For UMBC swimmers Mohamed Hussein ’13 (Egypt), Patrick Husson ’14 (USA) and Pierre De Waal ’13 (South Africa), those dreams almost became reality. Husson and De Waal competed in the Olympic Trials of their respective home countries but fell short of earning a trip to London.

Hussein did his teammates one better – qualifying for Egypt’s team in the 100-meter freestyle and the 200-meter individual medley. But his trip to London was cut short by FINA, the international governing body of swimming, which abruptly changed the qualifying times required to make the Olympics. Hussein’s times fell just short.

“[In] all the past Olympic games, FINA allowed more than 1,200 swimmers to participate in the competition,” Hussein observes.

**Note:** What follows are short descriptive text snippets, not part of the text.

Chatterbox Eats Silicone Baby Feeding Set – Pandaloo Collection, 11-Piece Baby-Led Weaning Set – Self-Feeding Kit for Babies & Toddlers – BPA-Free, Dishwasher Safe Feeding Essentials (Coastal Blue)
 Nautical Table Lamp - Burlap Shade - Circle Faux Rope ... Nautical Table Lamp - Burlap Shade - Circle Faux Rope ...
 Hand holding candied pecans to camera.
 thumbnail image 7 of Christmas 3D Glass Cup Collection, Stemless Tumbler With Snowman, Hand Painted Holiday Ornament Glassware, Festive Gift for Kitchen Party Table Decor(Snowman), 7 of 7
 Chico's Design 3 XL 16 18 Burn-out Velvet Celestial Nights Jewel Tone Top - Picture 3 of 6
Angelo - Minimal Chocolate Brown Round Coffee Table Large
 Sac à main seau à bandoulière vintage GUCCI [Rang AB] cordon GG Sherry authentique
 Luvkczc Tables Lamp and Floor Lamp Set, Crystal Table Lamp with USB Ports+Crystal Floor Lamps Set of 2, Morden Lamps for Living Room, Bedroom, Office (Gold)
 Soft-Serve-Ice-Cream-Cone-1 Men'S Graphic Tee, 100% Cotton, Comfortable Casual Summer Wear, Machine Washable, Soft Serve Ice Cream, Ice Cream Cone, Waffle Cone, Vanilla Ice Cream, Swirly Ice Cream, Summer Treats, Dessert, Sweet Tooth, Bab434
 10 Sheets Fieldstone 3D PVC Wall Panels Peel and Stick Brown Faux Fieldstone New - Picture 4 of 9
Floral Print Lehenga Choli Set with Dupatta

Despite the disappointment, Hussein remains one of the best swimmers in his native Egypt as well as at UMBC, and calls 2012 “the best year in my swimming career.”

De Waal had to return to South Africa to compete in the Olympic Trials during the spring semester. After a day and a half of travel from Baltimore to Durban, De Waal took to the pool for his best event, the 200-meter butterfly, where he fell to fellow countryman Chad le Clos, who went on to win gold in the Olympics over U.S. Olympic swimming star Michael Phelps.

Former walk-on Patrick Husson also swam in the Olympic Trials in his best event, the 200-meter breaststroke, finishing 99th out of 132 competitors.

“The three of them have all raised the level of our competition and our team,” UMBC swim coach Chad Cradock ’97 says.